Herb Sundays 27: Ash Lauryn
The Atlanta by way of Detroit DJ/producer/writer brings tunes "you could catch me playing at home on any given Sunday."
Herb Sundays 27: Ash Lauryn - Apple Music / Spotify. Art by Michael Cina.
I’ll let the New Yorker’s Michaelangelo Matos kick us off, as he’s a crucial Herb and I can’t do any better:
“Born in Detroit and based in Atlanta, Ash Lauryn is a wide-ranging d.j. whose remit is embedded in the title of her monthly show on NTS Radio, “Underground and Black.” She specializes in house and techno with heavy jazz tinges—a very Detroit feature—and moves afield at will, as exemplified on a recent episode that featured her spinning roots material from Dawn Penn, Bootsy Collins, and Lou Donaldson. Her club sets are similarly rangy, and this open-to-close session should be worth attending in full.”
To put a finer point on it, she’s a DJ (NYC’s Nowadays, Berlin’s Panorama Bar, London’s Printworks), writer (her Underground and Black blog, The Face Magazine, Mixmag, Resident Advisor, etc.), curator, radio host, and producer (her debut solo EP titled Truth, co-produced with Stefan Ringer came out in September). All of this is done to champion incredible music, and to promote incredible black music.
My friend Will Calcutt put me up on (as is often with Will) Ash’s mixes last year. Her 2020 isolation RA mix was picked up by music godhead Philip Sherburne in his monthly column and displayed what makes her sets great: a springy crisp quality but with a fundamental drive and intensity.
For me, the best Detroit-raised DJs ride a line of deep house into techno without picking a lane. It’s just soul music, it doesn’t need to be discussed much further. With pop culture waking up to the charms of Theo Parrish and Moodymann in recent years, genre as a topic continues to erode and the quest for feeling is perennial. Detroit artists and DJs just “get” feel, it’s what makes Detroit Techno less of a style, and more of a mindset.
Acclaimed writer and producer DeForrest Brown Jr. wrote about Ash in a recent Document Journal and chronicles her quest to become a world-class DJ. Over lockdown, her social media shared the process of her deciding to go all-in on DJing.
“The more I started going back to Movement and going to parties in other cities and states, I was just like, ‘Wow, there didn’t seem like there were a lot of younger Black people DJing…I knew all the old school people like DJ Minx and Delano Smith, you know, I knew all those people for a while and followed them, but it just seemed like there was a disconnect with people who were in my age range and younger.”
The photo she sent is also pretty crucial.
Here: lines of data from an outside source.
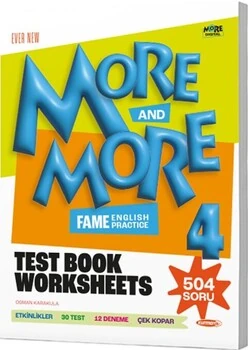 4.%20Sınıf%20More%20More%20Fenomen%20Test%20Book%20Worksheets%20Kurmay%20ELT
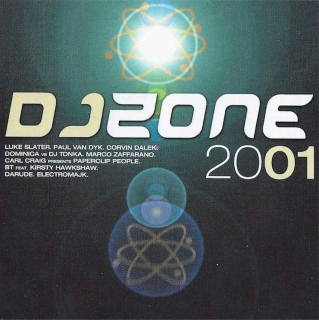Various - DJ Zone 2001 - CD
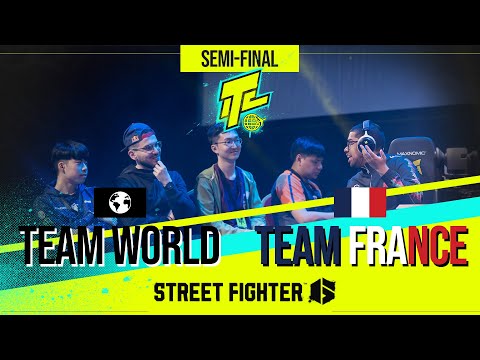 UFA 2024 - SF6 ITC - Semi-Final - Team World vs France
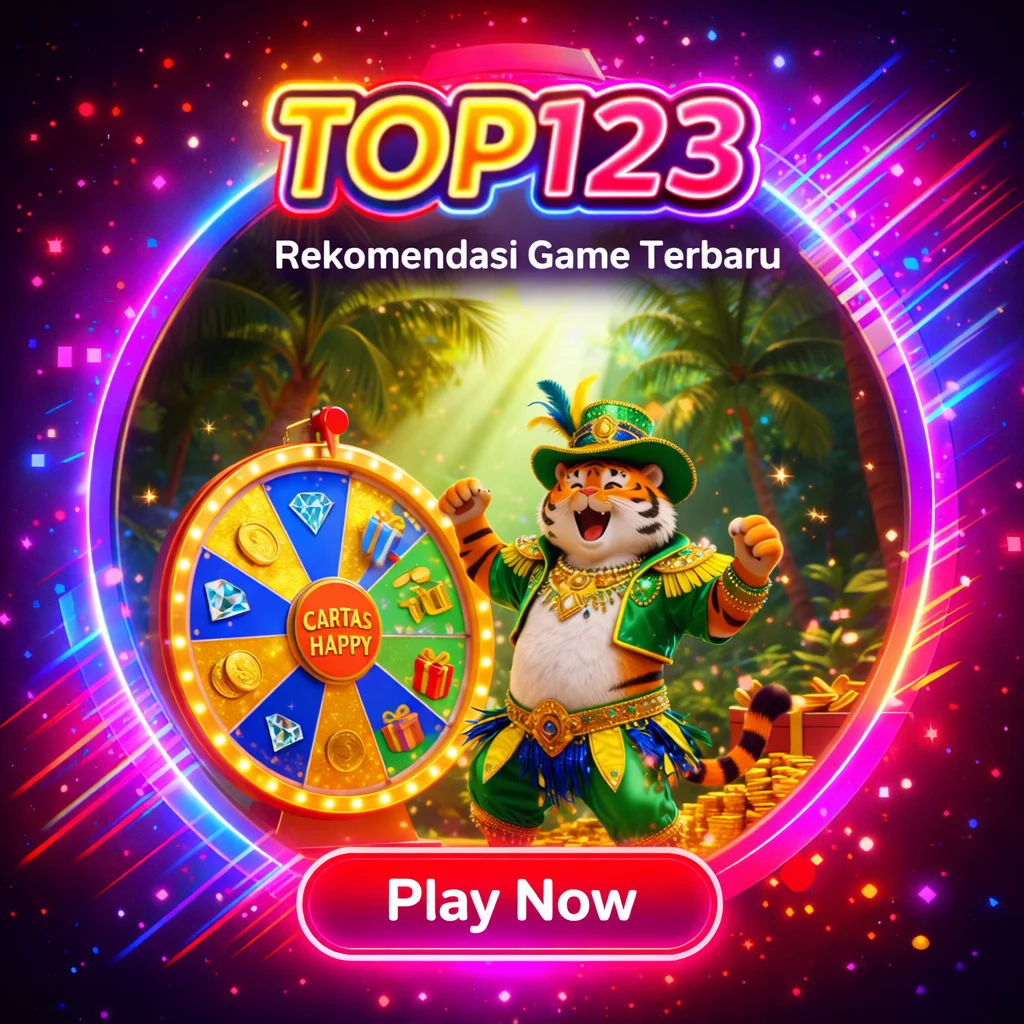 Top123 bonus game interaktif dengan grafis cerah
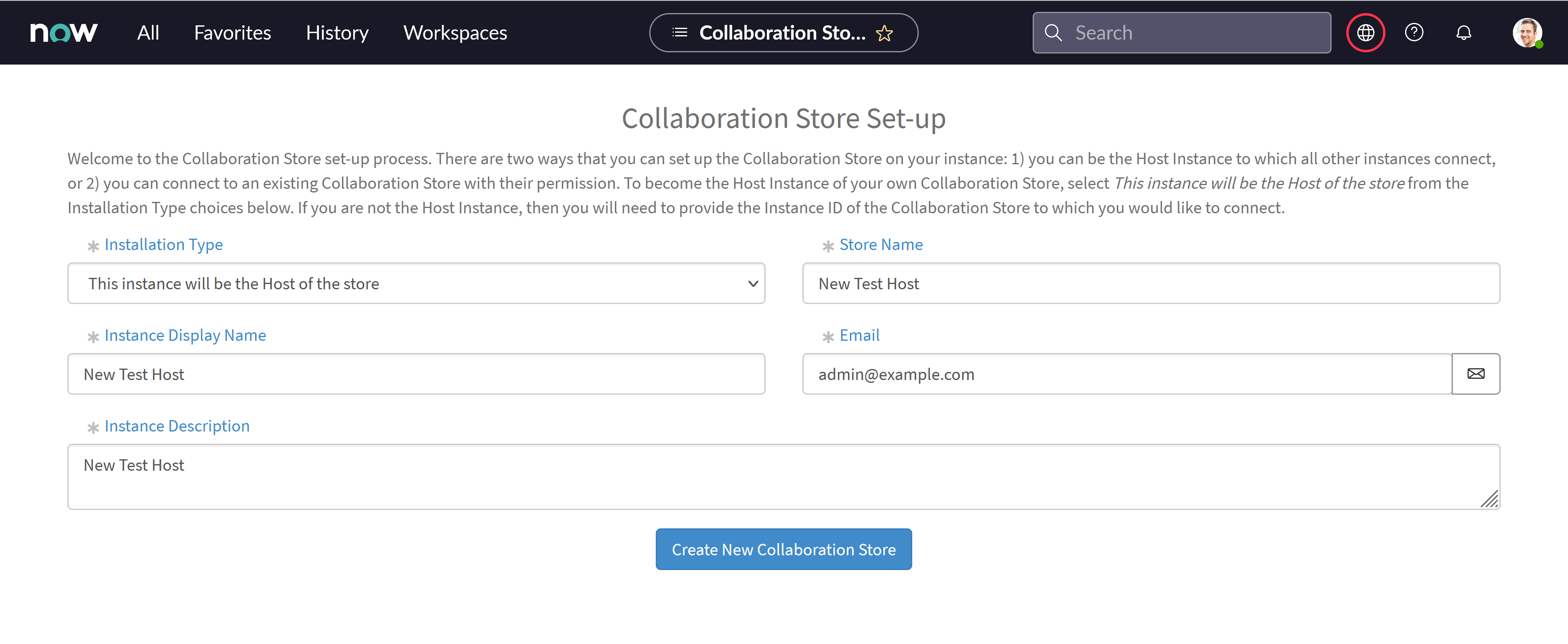 Collaboration Store, Part LXVI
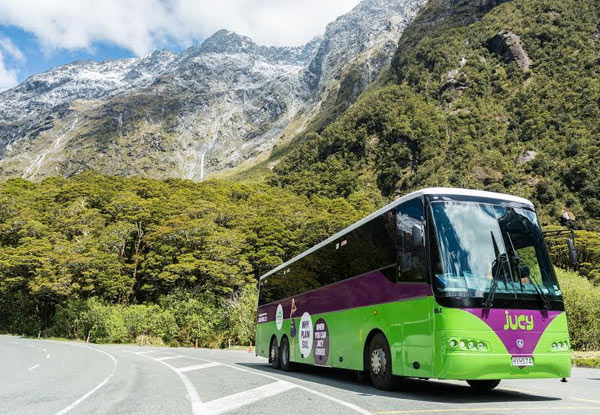 90-Minute Classic Milford Sound Boat Cruise Aboard The Maiden of Milford - Options from Te Anau, Queenstown or a Luxury Glass-Roof Coach & Cruise Tour incl. Lunch - from Queenstown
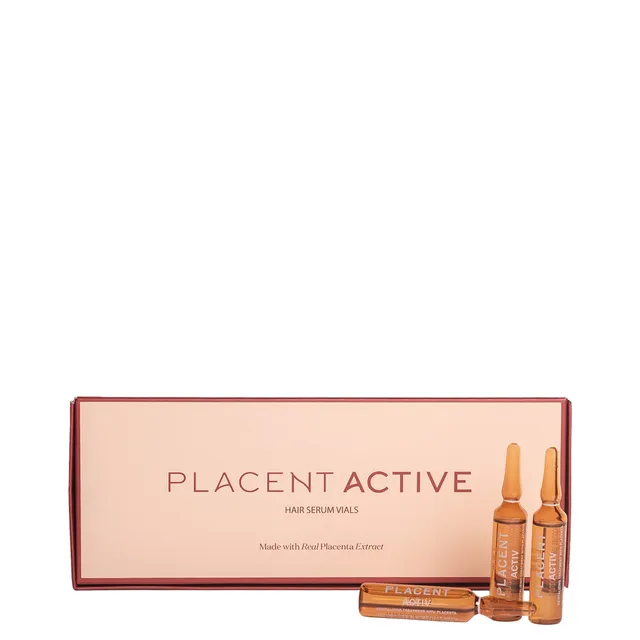 PLACENT ACTIVE Hair Care Vials 12x6ml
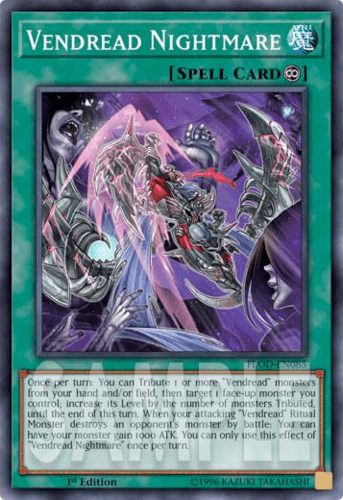 Vendread Nightmare - FLOD-EN085 Common Unlimited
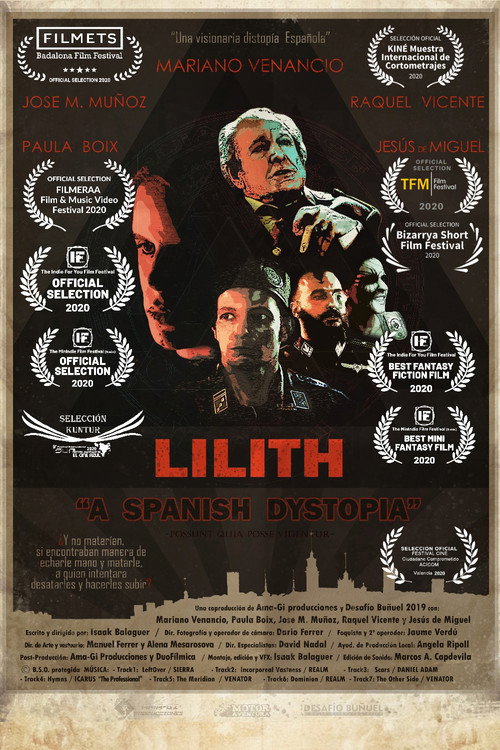 Постер фильма «Lilith a Spanish Dystopia»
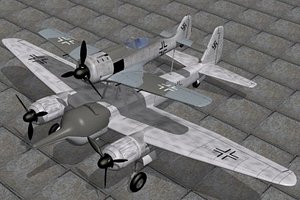 war mistel combination 3d max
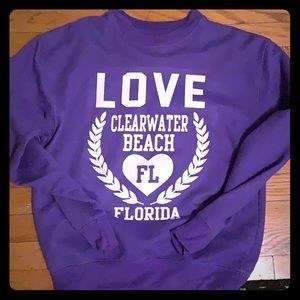 Clearwater Beach FL Sweatshirt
Some of the records featured in this playlist (Ahmad Jamal, Earth, Wind, & Fire, etc.) are on display but the LP displayed up top is of course Rapture by Detroit’s Anita Baker, which is like the Illmatic (all killer no filler) of Quiet Storm. Promising. And so Herb 27 is composed of “some chill tunes you could catch me playing at home on any given Sunday. The playlist includes some favorites from my youth as well as some stuff I came across later in life.” A welcome inclusion of early Jamiriquoi, Sade (maybe the most herb’d artist, need to check), Deee-Lite, immortal Slum Village and Aaliyah, and the oft-overlooked Change. Let’s Go!
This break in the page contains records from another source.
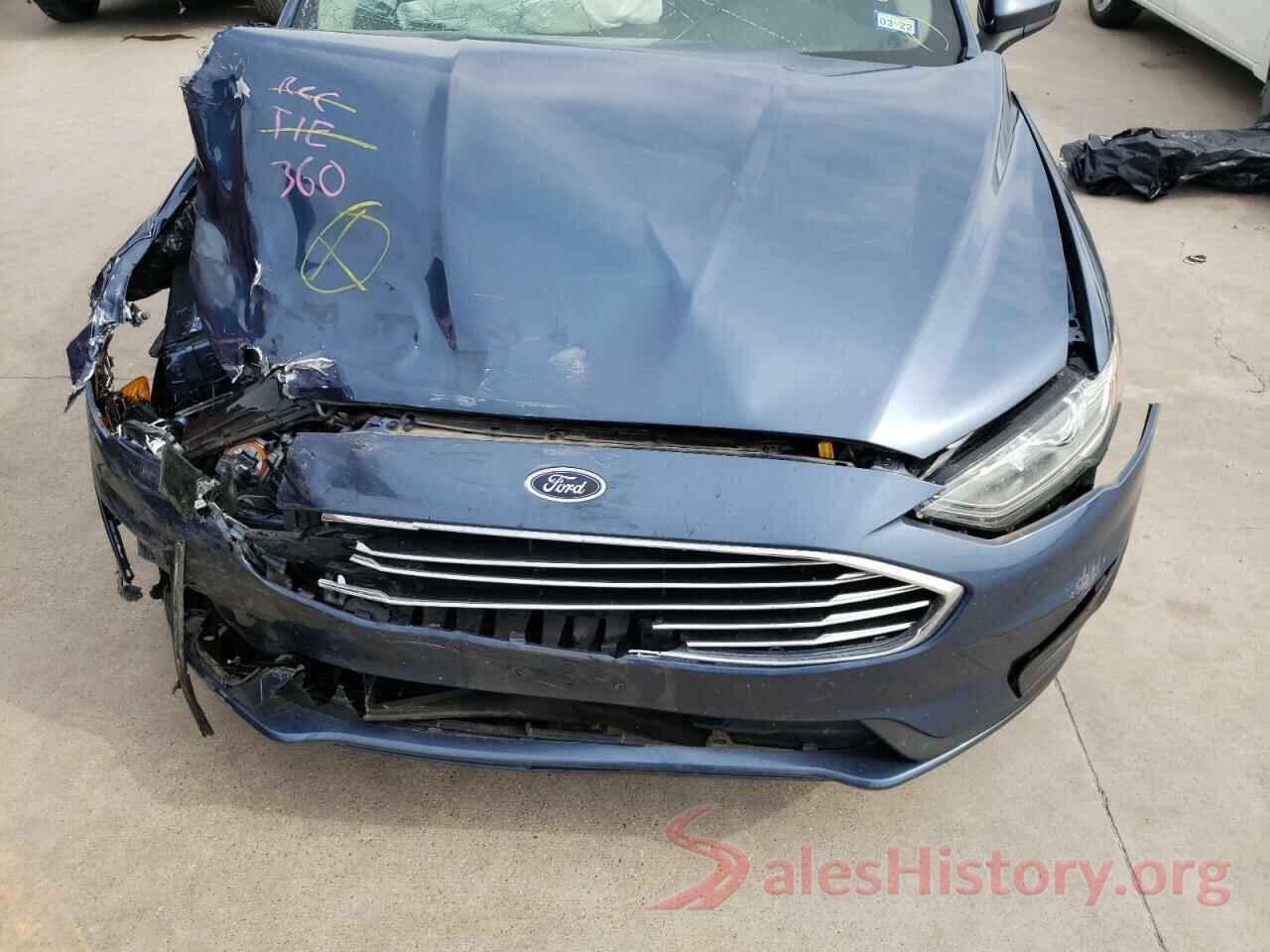 3FA6P0LU8KR171124 2019 FORD FUSION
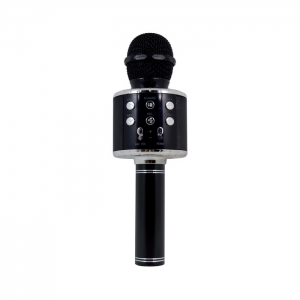 Караоке-микрофон беспроводной WS-858L черный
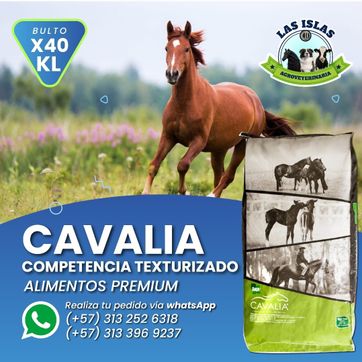 Imagen del producto CAVALIA COMPETENCIA TEXTURIZADO x 40 Kilos
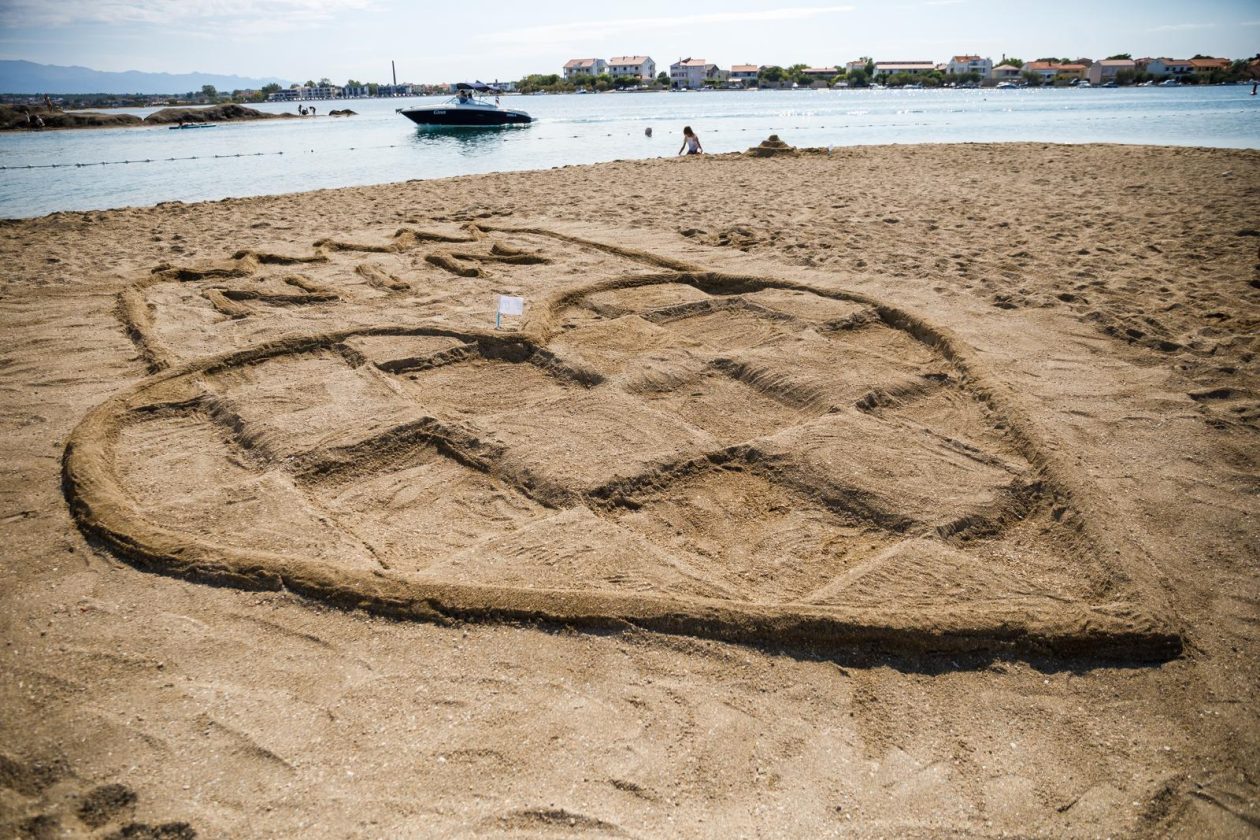 11. Festival pijeska na Kraljičinoj plaži u Ninu 11. Festival pijeska na Kraljičinoj plaži u Ninu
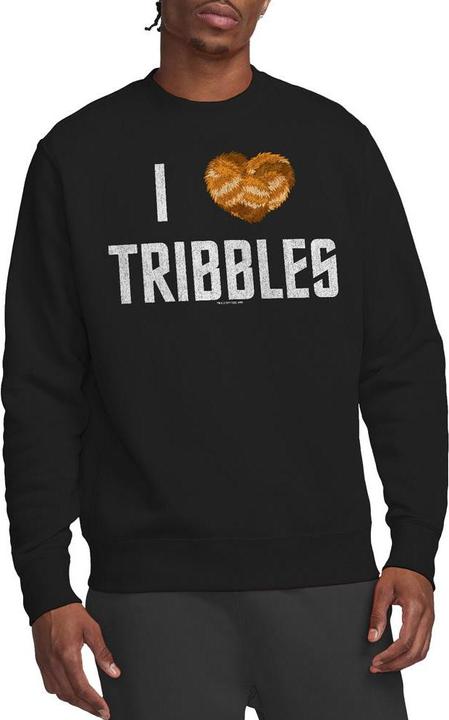 Produktbild I Heart Tribbles Sweatshirt (L)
The bigger story for Ash, apart from her clear talent, is the mission to reconnect dance music to its true origins. In a powerful interview with Billboard last year, Kevin Saunderson shared the unspoken but widely shared concern that dance music’s continued commercialization had failed to keep black artists front and center. Ash’s work across mediums feels connected to the bigger story and alongside artists like Brown Jr., Ash is part of a movement to reconnect the story of dance music back to its black roots, not only as a historical exercise but to keep a new generation connected and growing.